The Golden Bears came out for the game without last names on the backs of their uniforms, a change from their look throughout the season. Prior to the game, Golden Bears players kick returner DeSean Jackson, wide receiver Robert Jordan, and free safety Thomas DeCoud were suspended for the first quarter of the game for violating team rules.

===First quarter===
The Golden Bears struggled early against the Falcons. The Bears had trouble in the early going of the game adjusting to the Falcons triple option offense and unpredictable line formations. Golden Bears quarterback Nate Longshore started in the first quarter, but was hampered by the absence of DeSean Jackson and Robert Jordan. Longshore completed 5 of 8 passes for 36 yards in the first quarter.

===Second quarter===
As Cal coach Jeff Tedford had planned, backup quarterback Kevin Riley took over for Longshore in the second quarter. Riley completed two touchdown passes to DeSean Jackson and Lavelle Hawkins to make it 21–14 Falcons at the half.

===Third quarter===
Air Force quarterback Sean Carney suffered a gruesome lower body injury in the third quarter on a running play and did not return. Backup Shea Smith, who had not played all year, replaced Carney. The Falcons were limited to a pair of field goals, while Robert Jordan caught a pass for a touchdown and Justin Forsett ran in for one.

===Fourth quarter===
Forsett rushed for another in the fourth quarter, as did Riley.

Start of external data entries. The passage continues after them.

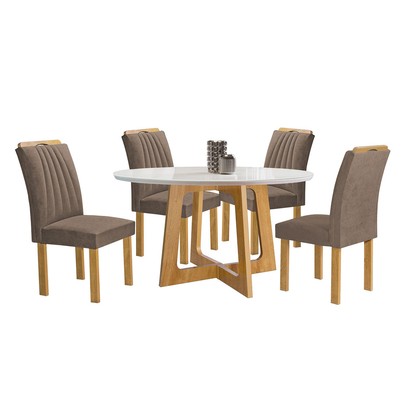 Mesa de Jantar 4 Lugares Arizona com Vidro Cinamomo/Off White/Bege Escuro 20771 - Cel Móveis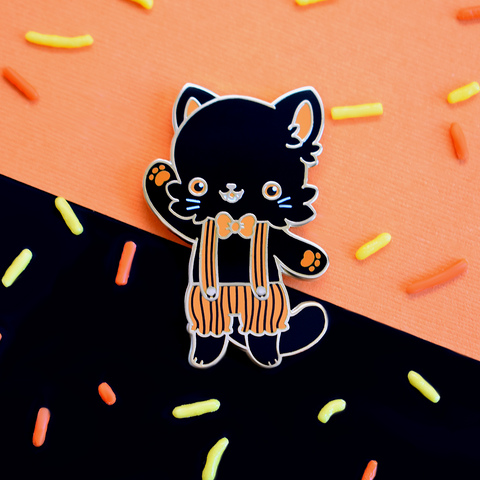 Vintage Halloween Black Cat Enamel Pin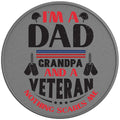 IM A DAD GRANDPA AND A VETERAN SILVER CARBON FIBER TIRE COVER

Air Force was limited to field goals until they capitalized on a botched kickoff return to score a touchdown with just over two minutes left, but failed to recover an onside kick.

==Aftermath==
Carney finished with one touchdown pass and 108 yards rushing. Alongside Carney, Falcons running back Jim Ollis also eclipsed the 100-yard rushing mark with 101, while Forsett had 140. Riley completed 269 passing yards and was the game MVP. Cal ended the 2007 season with its first win in four games, while handing Air Force their first loss in four games.